In the meantime, families like the Aldreinis continue to struggle. Rewan’s father, Mohamed, balances his own health challenges, including diabetes and high blood pressure, while caring for his malnourished child. Despite these hardships, he clings to hope that the conflict will end and that his children can have a chance at normalcy. His story represents the intersection of immediate humanitarian need and long-term genetic risk, underscoring how warfare and deprivation are not only moral and political crises but biological ones as well.
Experts argue that addressing the crisis in Gaza requires comprehensive strategies that combine conflict resolution, nutritional support, healthcare access, and mental health interventions. Lessons from historical famines and genocides show that epigenetic recovery is possible when survivors are provided with stability and adequate care. International organizations, policymakers, and humanitarian agencies have a unique responsibility to intervene, mitigating both the immediate suffering and the intergenerational consequences of war and starvation.
The plight of Rewan and thousands of other children in Gaza highlights the urgent need for global attention. Without decisive action, the region may face a multi-generational health catastrophe, where the legacy of war, malnutrition, and trauma manifests not only in mortality rates but also in genetic vulnerabilities passed down through generations. Researchers stress that addressing environmental, social, and nutritional factors now is essential to preventing a genetic legacy of suffering. The lives of children like Rewan depend on international intervention, peace initiatives, and comprehensive support systems that prioritize both physical survival and long-term genetic health.

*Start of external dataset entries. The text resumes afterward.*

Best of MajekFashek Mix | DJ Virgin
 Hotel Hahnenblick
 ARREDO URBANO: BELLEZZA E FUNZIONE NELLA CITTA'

In essence, the ongoing crisis in Gaza serves as a stark reminder that modern conflicts extend beyond immediate casualties. The combination of war, starvation, and psychological trauma has the potential to shape the genetic destiny of entire generations. Scientific studies provide clear evidence that epigenetic impacts can endure long after the violence ends, affecting metabolism, immunity, mental health, and reproductive health. Ensuring adequate nutrition, medical care, mental health support, and stable living conditions are critical to reducing the genetic burden imposed by conflict. Children like Rewan embody the stakes: their survival today determines the genetic and health landscape for Gaza’s future.
Immediate action, global awareness, and humanitarian intervention are essential not only to save lives in the present but to safeguard the biological future of Gaza’s children. The ongoing violence and deprivation risk creating a hereditary legacy of suffering, demonstrating that wars leave both visible and invisible scars that may echo for generations. Experts conclude that stopping the conflict, ensuring nutrition, and stabilizing the environment are the only viable measures to prevent irreversible epigenetic damage. Families like the Aldreinis remain on the frontlines of this crisis, embodying both resilience and vulnerability in the face of an unprecedented humanitarian and genetic catastrophe.